At Databox all we do is content marketing. We don’t do any paid advertising or outbound. We had a unique challenge: the better way to attract people was to write about our tool integrations like HubSpot or Google Analytics than our product. There was no way we could be experts on that so we started to crowdsource content. Over the last six years we’ve crowd sourced 1,400 pieces of long-from content. That’s helped us to grow to over 250,000 sessions and 6,000 product signups monthly.
Peter Caputa
Use customer feedback to validate while still building
Leveraging in-app communication products can give you a direct source to your customer’s feedback. Feedback can even provide the next building blocks of your product.
Listening to early customers is super important. I remember when we installed Intercom—it was a total game-changer. It gave me a direct channel to talk with users. For the first five years, I was doing the chats myself. Feedback doesn’t always come as feature requests, instead it’s often it’s user experience issues. And this feedback is super valuable. You realize what’s in your head is not how your users actually use the product.
Yoram Wijngaarde
Customer feedback doesn’t always need to be as direct as chat. Feature requests in aggregate can be a good way to figure out what direction you need to go with the product.

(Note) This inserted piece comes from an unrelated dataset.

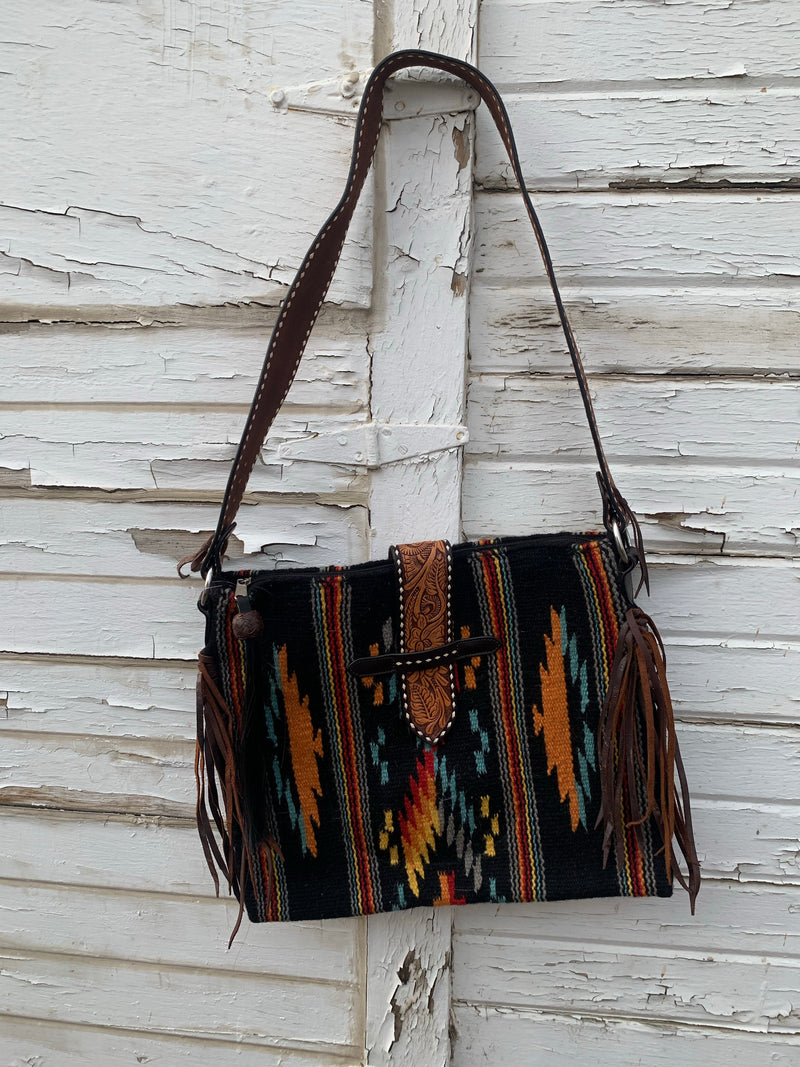 Black Blanket Buckstitch Tote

My role in the first two years was helping to get feedback and baking it into the product plan. Feature requests in aggregate can be a good signal. When a few hundred users are making the same request it’s usually something stopping them from doing something they want to do. We probably spent the first five years just building what the market demanded.
Peter Caputa
Going beyond product-market-fit
Achieving product-market-fit is an accomplishment in and of itself. But it’s not unheard of to see strategies you’ve been using fail to drive consistent growth while you scale. In short, growth starts to plateau. The panelists advise: to drive sustainable growth, it’s important to maintain a customer centric culture, make good decisions about building out teams, and never stop working on PMF.

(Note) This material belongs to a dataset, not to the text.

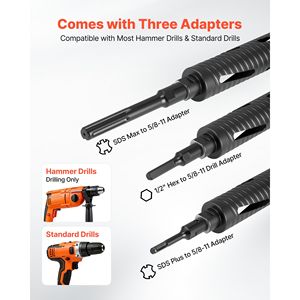 Punta diamantata per carotaggio a secco da 2 pollici di diametro, 9 1/2 pollici di profondità di foratura, filettatura interna 5/8-11, 3 punte per muratura e cemento - Product Image 3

Be totally focused on your customer. What happens a lot, and it happened with us, is as soon as you get a bit of PMF you get ahead of yourself with new hires. Pretty soon you become more focused on each other than your customer. You have to maintain a culture of being obsessed with delighting your customers. Try not to get too focused on internal BS. Customer satisfaction has to be your north star.
Yoram Wijngaarde
Building out a team is often the next step for companies looking to scale. Peter shares his experience with managing headcount.

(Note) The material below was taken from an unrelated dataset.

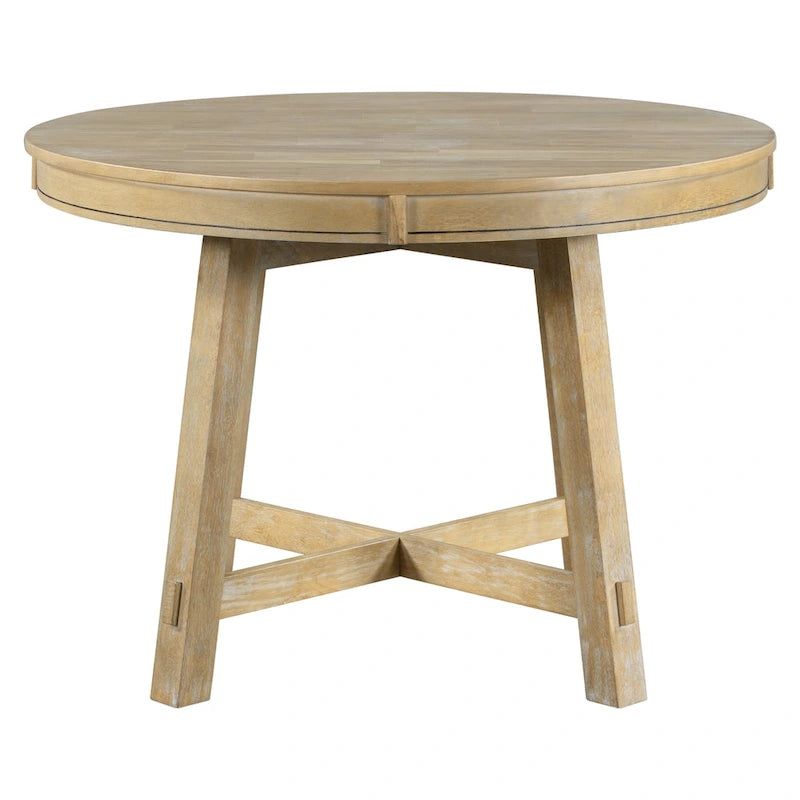 Lavaggio Legno Naturale / Rovere+Bianco Antico / Espresso | Tavolo da Pranzo Rotondo Allungabile, 4–6 Posti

We built out the CS function but I’d say we kind of overshot a little. Unfortunately, we had to let some people go. We got a reduced ROI on initial investment on headcount. We pivoted a little back towards PLG and trying to pick away at friction points, expand the in-app onboarding process, launch additional. features, and add value to existing customers.
Peter Caputa
As a final note, never stop developing and fine-tuning your strategy and don’t treat PMF as a static point. Scalability means staying adaptive to your market’s dynamic needs.
You’re never really done with PMF. You’re constantly figuring out what the market needs now, how has it evolved, what adjacent markets can we serve?
Peter Caputa
As always we want to thank our guests for sharing their knowledge, insights, and experience.
Peter Caputa
Peter Caputa IV is the CEO of Databox, an analytics software company that helps companies monitor, report & improve company-wide performance. At $7.5M ARR, Databox has 3k subscribers, including 1k partners using Databox with 25k+ companies.
Previously, Peter was the 15th employee at HubSpot, ultimately being promoted to VP, Channel after building HubSpot’s partner program from 0 to $115M ARR.
Yoram Wijngaarde
Founder of Dealroom.co which was launched in 2014 to provide intelligence about the world’s most promising startups and ecosystems.
Before founding Dealroom, Yoram was an investment banker at Lehman Brothers, Nomura Securities and NOAH Advisors in New York and London. Yoram has a cum laude Master’s degree in Economics from the University of Amsterdam.